▶ _Aim of the exercise_:
These records contain pictures, which must be left out; copy exactly the lines from the one with "Hotel Restaurant Old Bridge - Image 3" up to and including the one with "Killer clown AI avatar".

▶ _Material provided_:
>>

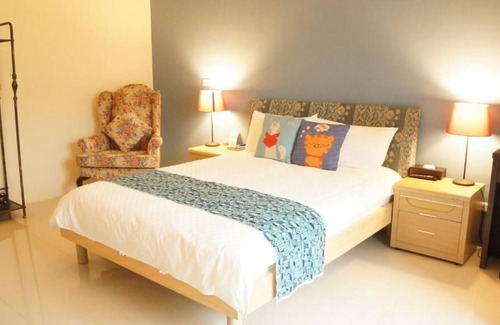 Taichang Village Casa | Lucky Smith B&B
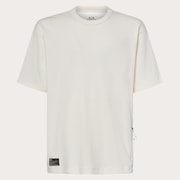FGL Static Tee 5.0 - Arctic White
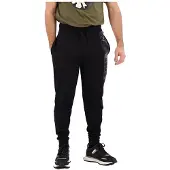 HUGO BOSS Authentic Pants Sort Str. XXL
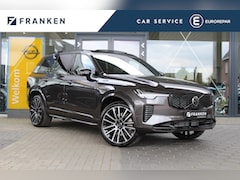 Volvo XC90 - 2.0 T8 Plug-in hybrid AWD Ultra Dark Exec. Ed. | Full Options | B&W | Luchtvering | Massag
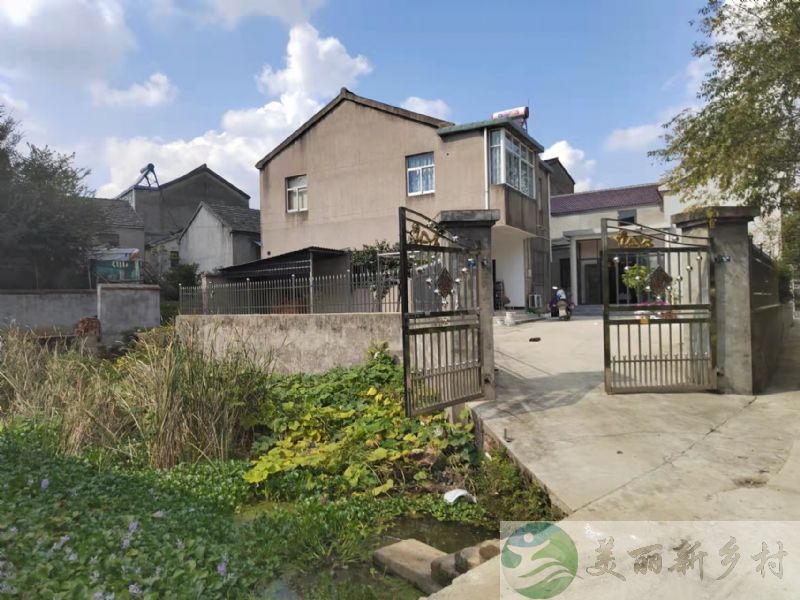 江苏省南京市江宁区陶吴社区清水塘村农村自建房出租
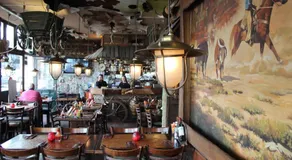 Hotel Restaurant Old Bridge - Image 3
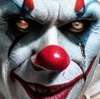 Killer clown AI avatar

<<
>>

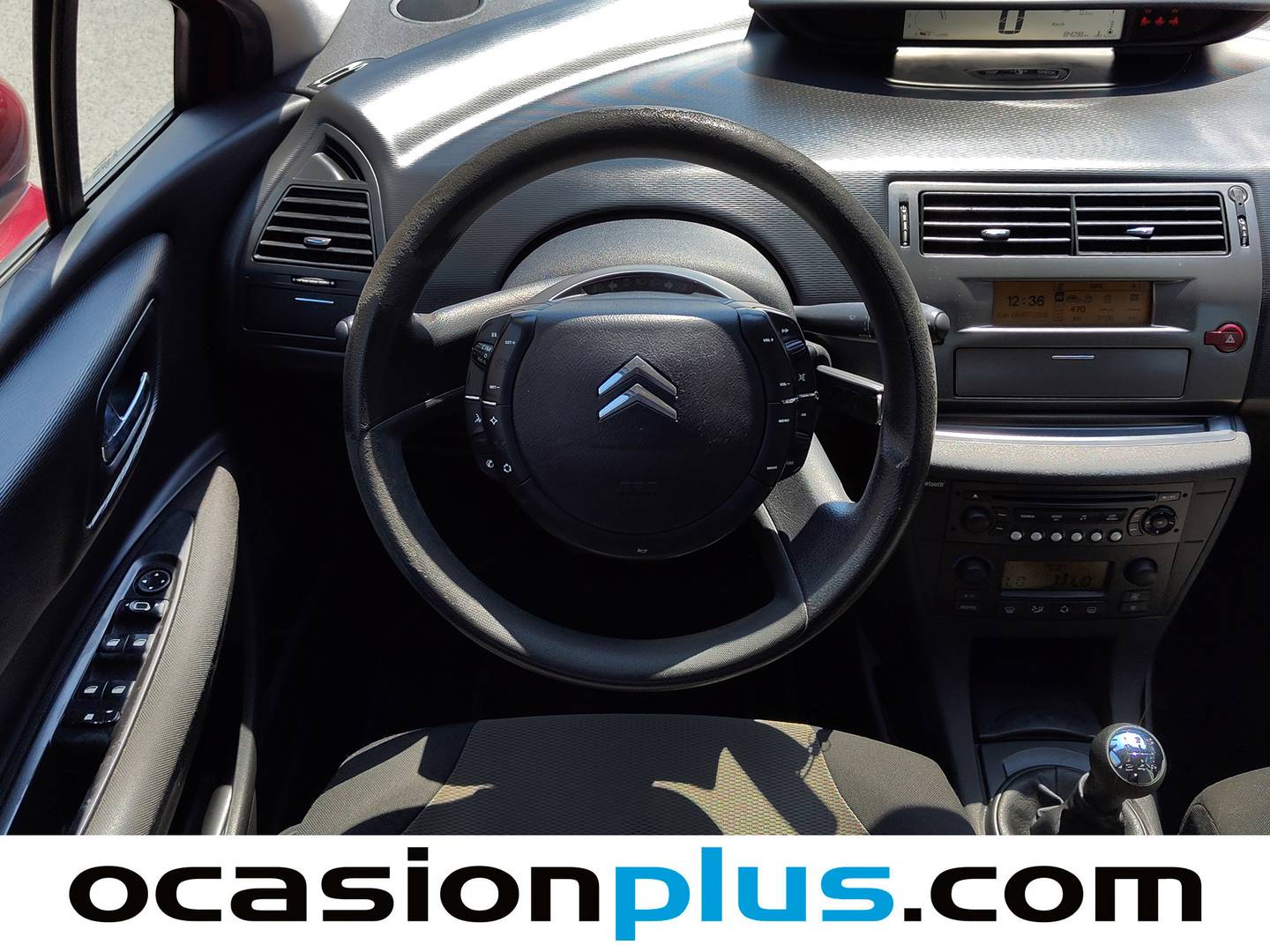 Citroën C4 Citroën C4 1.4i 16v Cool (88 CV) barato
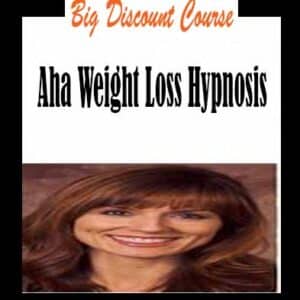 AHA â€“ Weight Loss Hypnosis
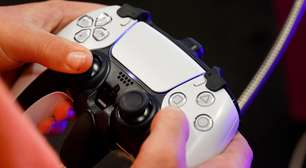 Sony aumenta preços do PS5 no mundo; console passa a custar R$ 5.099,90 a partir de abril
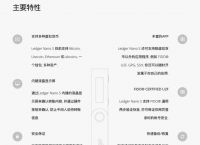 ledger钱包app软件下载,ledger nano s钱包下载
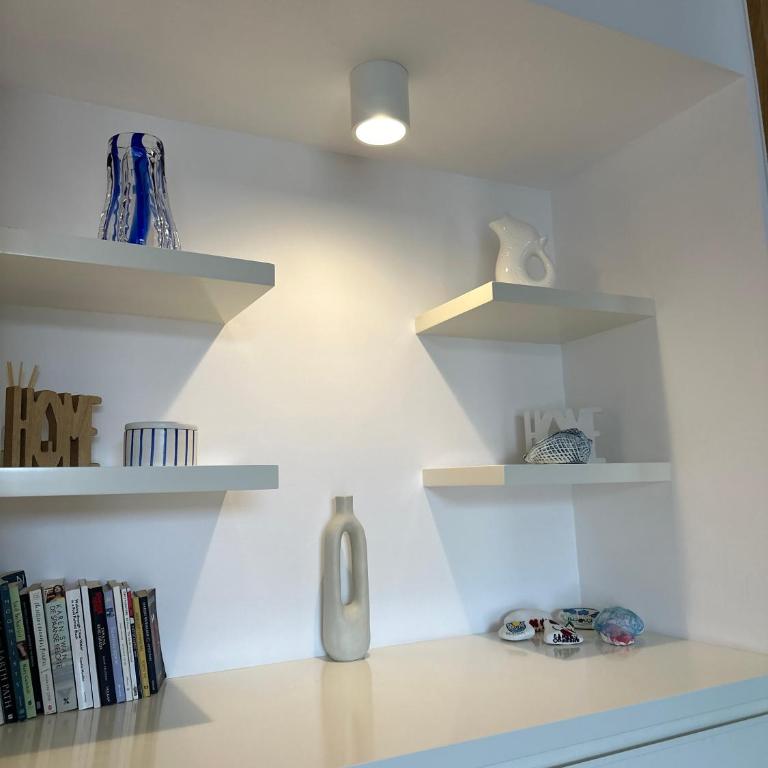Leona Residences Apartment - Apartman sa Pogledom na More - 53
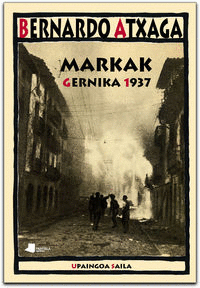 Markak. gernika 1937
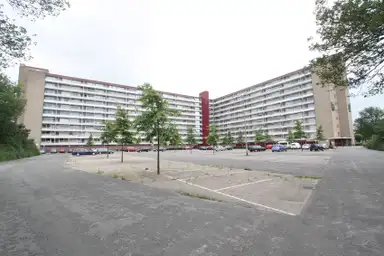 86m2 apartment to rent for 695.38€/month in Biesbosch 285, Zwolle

<<

▶ _Answer_:
 Hotel Restaurant Old Bridge - Image 3
 Killer clown AI avatar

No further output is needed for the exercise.